YOUR TASK: Everything from the first line of the records to the line containing "Coral Riverside Homestay", inclusive, is to be extracted exactly, and nothing more.
(Beginning of DATA SECTION)
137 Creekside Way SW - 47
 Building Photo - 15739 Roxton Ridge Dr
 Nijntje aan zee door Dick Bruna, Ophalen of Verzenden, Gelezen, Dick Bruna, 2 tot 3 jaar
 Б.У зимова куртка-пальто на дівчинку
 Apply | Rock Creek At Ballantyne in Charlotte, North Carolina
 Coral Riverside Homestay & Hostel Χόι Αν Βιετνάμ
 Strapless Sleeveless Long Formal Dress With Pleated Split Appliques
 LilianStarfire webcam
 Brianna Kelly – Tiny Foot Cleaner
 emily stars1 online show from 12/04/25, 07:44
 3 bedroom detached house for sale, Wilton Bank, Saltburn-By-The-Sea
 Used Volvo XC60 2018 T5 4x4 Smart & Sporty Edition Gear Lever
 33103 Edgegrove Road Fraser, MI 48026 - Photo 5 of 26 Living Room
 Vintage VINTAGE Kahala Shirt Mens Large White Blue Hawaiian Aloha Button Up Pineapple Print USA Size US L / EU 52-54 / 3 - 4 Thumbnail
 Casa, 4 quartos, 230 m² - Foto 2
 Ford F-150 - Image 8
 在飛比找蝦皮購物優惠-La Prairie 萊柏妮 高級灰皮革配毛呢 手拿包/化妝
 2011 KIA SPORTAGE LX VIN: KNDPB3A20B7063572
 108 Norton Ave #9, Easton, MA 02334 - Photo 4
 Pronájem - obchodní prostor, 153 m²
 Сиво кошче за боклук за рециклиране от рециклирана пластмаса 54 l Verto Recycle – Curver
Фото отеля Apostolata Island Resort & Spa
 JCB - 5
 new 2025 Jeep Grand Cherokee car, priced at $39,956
(End of DATA SECTION)
ANSWER SECTION:
137 Creekside Way SW - 47
 Building Photo - 15739 Roxton Ridge Dr
 Nijntje aan zee door Dick Bruna, Ophalen of Verzenden, Gelezen, Dick Bruna, 2 tot 3 jaar
 Б.У зимова куртка-пальто на дівчинку
 Apply | Rock Creek At Ballantyne in Charlotte, North Carolina
 Coral Riverside Homestay & Hostel Χόι Αν Βιετνάμ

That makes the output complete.